Wczoraj Virtus.pro miało szansę na utrzymanie kontaktu z czołówką ECS Season 4. I szansę tę zmarnowało, bo polska formacja w sobotę nie powiększyła swojego dorobku punktowego, dwukrotnie przegrywając z Duńczykami z Astralis.

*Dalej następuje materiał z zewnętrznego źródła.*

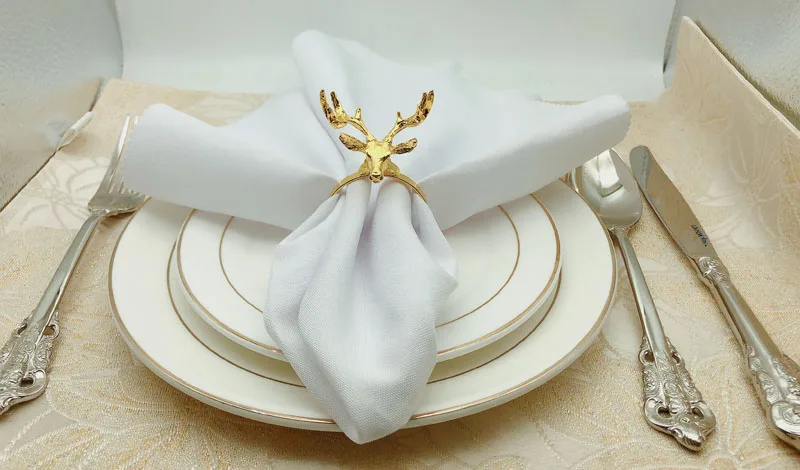 Christmas Reindeer napkin rings Gold Deer Napkin rings Cheap Napkin Ring Christmas for Wedding Decoration HWC06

Astralis 16 : 8 Virtus.pro

(ECS Season 4)
16 11 Mirage 4 8
5 4

Już pierwsze minuty pojedynku na Mirage'u zapowiadały, że VP będzie mieć ogromne problemy z wywalczeniem korzystnego rezultatu. Astralis od pistoletówki rozpoczęło żmudne gromadzenie oczek, nie pozwalając przeciwnikom na jakiekolwiek skuteczne poczynania defensywne. Podopieczni Jakuba "kubena" Gurczyńskiego nie byli w stanie zatrzymać rozpędzonej duńskiej machiny, która z ogromną łatwością wbijała się na oba BS-y, toteż nie ma się co dziwić, że do przerwy Polacy przegrywali aż 4:11!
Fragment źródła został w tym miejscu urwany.